Using a local build off the master branch, I can confirm that the start_timer routine is getting called. The start bits (LSB on DD0E and DD0F) are set as well.

[johnwayner]

@lgblgblgb Not that this would cause this issue, but watching the values of the CIA2 timers in the xemu matrix monitor, $DD05 (Timer A, HI) seems to be going the faster than $DD04 (Timer A, LO) -- which is backward from what I would expect. Timer B seems ok. Surely this isn't broken, right? Maybe it's somehow an illusion caused by the monitor's refresh rate and the speed of the timer? Or I need more coffee?

[lgblgblgb]

@lgblgblgb Not that this would cause this issue, but watching the values of the CIA2 timers in the xemu matrix monitor, $DD05 (Timer A, HI) seems to be going the faster than $DD04 (Timer A, LO) -- which is backward from what I would expect. Timer B seems ok. Surely this isn't broken, right? Maybe it's somehow an illusion caused by the monitor's refresh rate and the speed of the timer? Or I need more coffee?

@johnwayner Hmm that can be what you've said, or the fact what I've mentioned before: CIA "tick" emulation can be only done once in a scanline, so I do so many ticks at once which corresponds to the time for a scanline. Though to avoid ill effects, if the timer overflows, I do the task it requires (ie maybe it generates an IRQ etc) but the remaining part of overflow is taken over for the next shot to avoid that only integer multiple of that "time quantum" works. However it can cause some interesting effect, that it seems to move backwards as it should be. For the monitor refresh rate, is once per frame only, thus there can be strange effects like "stroboscopic" view a spinning wheel which seems to rotate backwards.

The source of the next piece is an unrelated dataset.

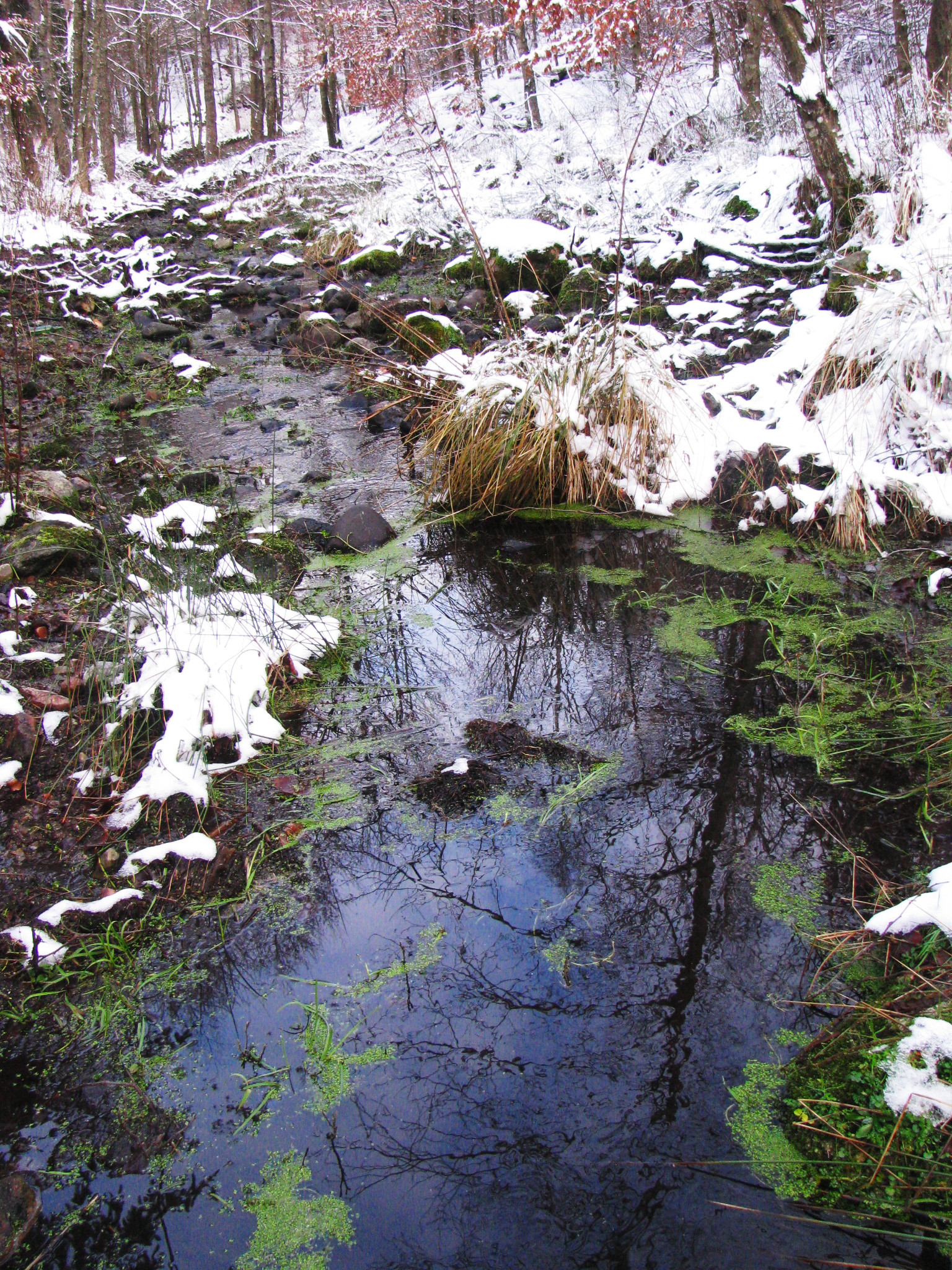 Fot. Ewa Les, naturalny źródliskowy odcinek pomorskiej rzeki IMG 8725a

For the version number: yes, indeed, sorry, I have "off by one" error here it seems :-O I've edited the title and the description now, sorry again for the confusion.

[johnwayner]

Here's what I know so far. Basic's hard_reset routine almost immediately calls init_storage. That routine uses rnd_zero which uses Get_TI_CIA which hangs because even though it calls start_timer, the initial values for the timer latches have not yet been set to 0xFFs -- because hard_reset does that later. If I move Clear_TI, which sets those latches, to be called before init_storage, we get to the READY prompt.

I haven't figured out what change caused this to be a problem -- although my change made it obvious by waiting forever. We were probably always seeding the random timer with a seed of 0. Also, I looked at the VHDL to try to understand why real hardware doesn't have this problem. The initial latch value for timer A 1 and B 0 which slightly differs from xemu's 0 and 0. But it's not clear to me how that would avoid this issue. If I boot straight to the monitor, the timer is at 1 0 0 0 and not running. It seems like it's up to basic to get it going.

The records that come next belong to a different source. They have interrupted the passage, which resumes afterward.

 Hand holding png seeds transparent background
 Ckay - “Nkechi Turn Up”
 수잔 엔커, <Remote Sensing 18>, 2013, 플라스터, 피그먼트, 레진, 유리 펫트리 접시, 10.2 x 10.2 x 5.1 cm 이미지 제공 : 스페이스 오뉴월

So I can fix this in the ROM, but I'd really like to fully answer the outstanding questions first.

[lgblgblgb]

@johnwayner Thanks for the details. Of course if it works on mega65-core, then it should be Xemu's fault, but I love your details here, and helps me understanding the problem as well. Unfortunately it's very hard to emulate CIAs well inside Xemu because of the precision issue I've mentioned, so I always feel nervous about any issue involving CIA emulation to be honest

[lgblgblgb]

Just by setting TLAL and TLAH (Timer-LAtch-Low and Timer-LAtch-High) both 1 on Xemu CIA reset seems to fix the issue, btw. However this is much-much-much more a guess at this point than a proper fix of the core issue ..... TLAL itself alone was not enough.

[johnwayner]

That makes sense as the ROM is waiting for bit 6 or 7 to be set in TALO. I'll have time tomorrow to try to figure out how this is even working on real hardware and hopefully that will allow us to figure out how xemu is different.

[lgblgblgb]

I close this for now, it seems my workaround functions fine with newer ROMs.